• [Given material]:
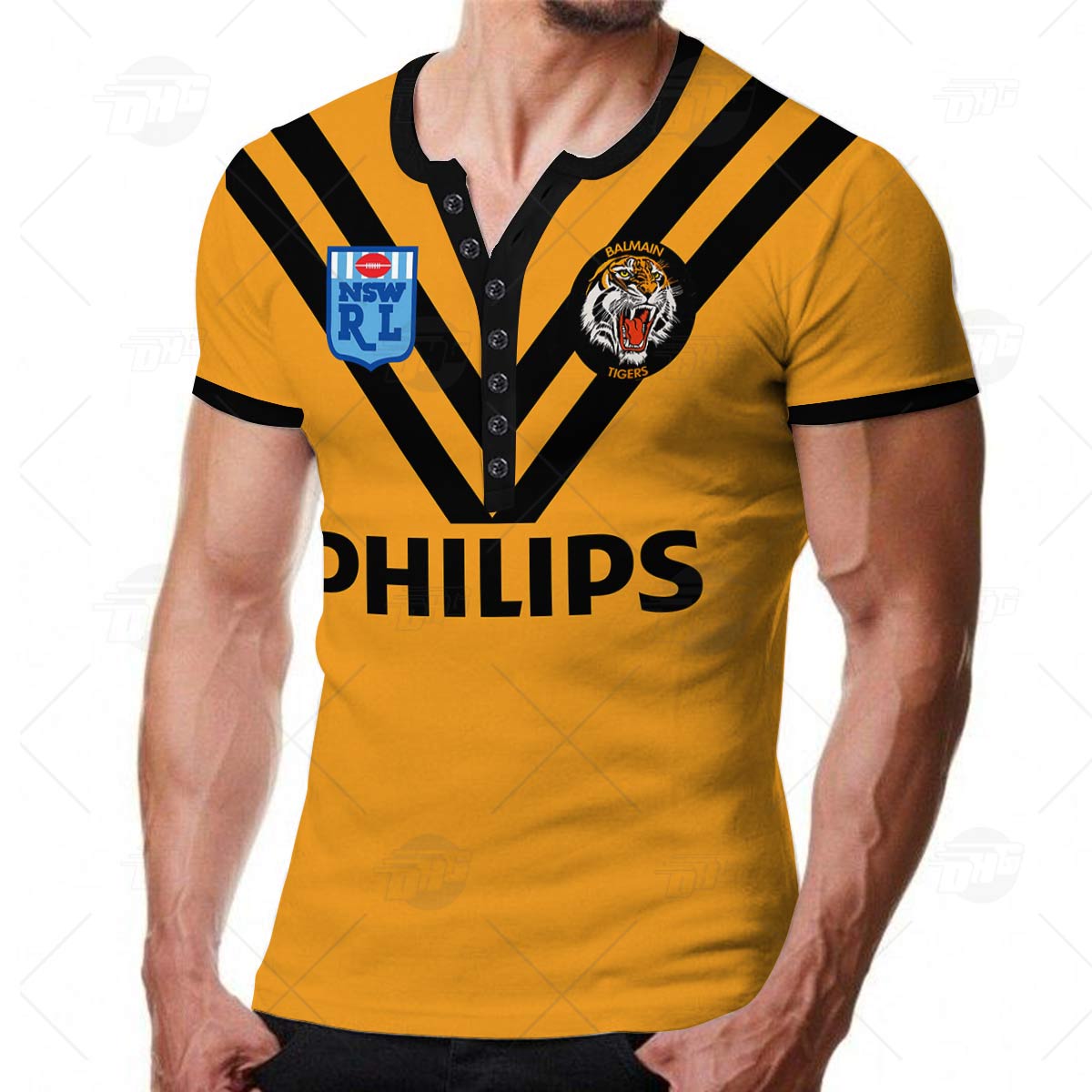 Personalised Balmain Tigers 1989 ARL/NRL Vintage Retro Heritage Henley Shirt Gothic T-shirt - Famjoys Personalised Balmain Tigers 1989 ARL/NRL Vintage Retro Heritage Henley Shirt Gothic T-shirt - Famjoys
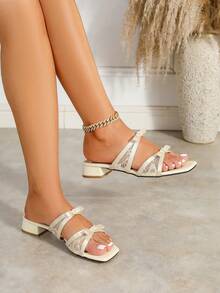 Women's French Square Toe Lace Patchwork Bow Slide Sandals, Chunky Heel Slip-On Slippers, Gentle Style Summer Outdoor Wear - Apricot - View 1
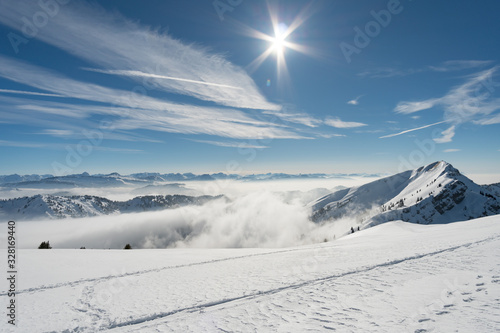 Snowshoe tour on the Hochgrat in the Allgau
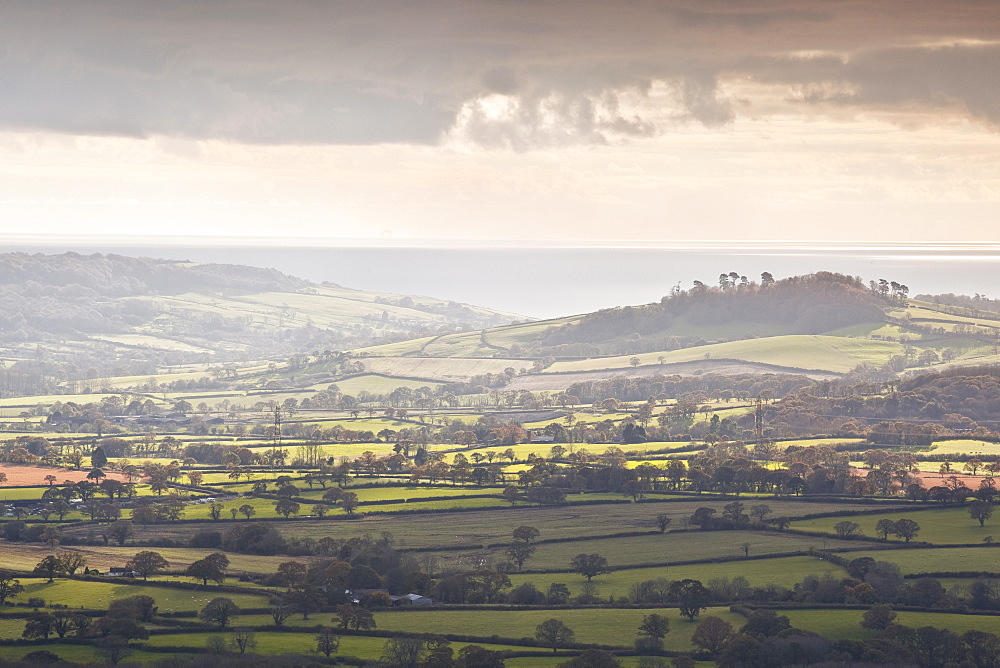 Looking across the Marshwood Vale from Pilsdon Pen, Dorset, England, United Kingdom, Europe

• [What is expected]:
No pictures, please. Output the listing above exactly as it stands.

• [Solution to this task]:
 Personalised Balmain Tigers 1989 ARL/NRL Vintage Retro Heritage Henley Shirt Gothic T-shirt - Famjoys Personalised Balmain Tigers 1989 ARL/NRL Vintage Retro Heritage Henley Shirt Gothic T-shirt - Famjoys
 Women's French Square Toe Lace Patchwork Bow Slide Sandals, Chunky Heel Slip-On Slippers, Gentle Style Summer Outdoor Wear - Apricot - View 1
 Snowshoe tour on the Hochgrat in the Allgau
 Looking across the Marshwood Vale from Pilsdon Pen, Dorset, England, United Kingdom, Europe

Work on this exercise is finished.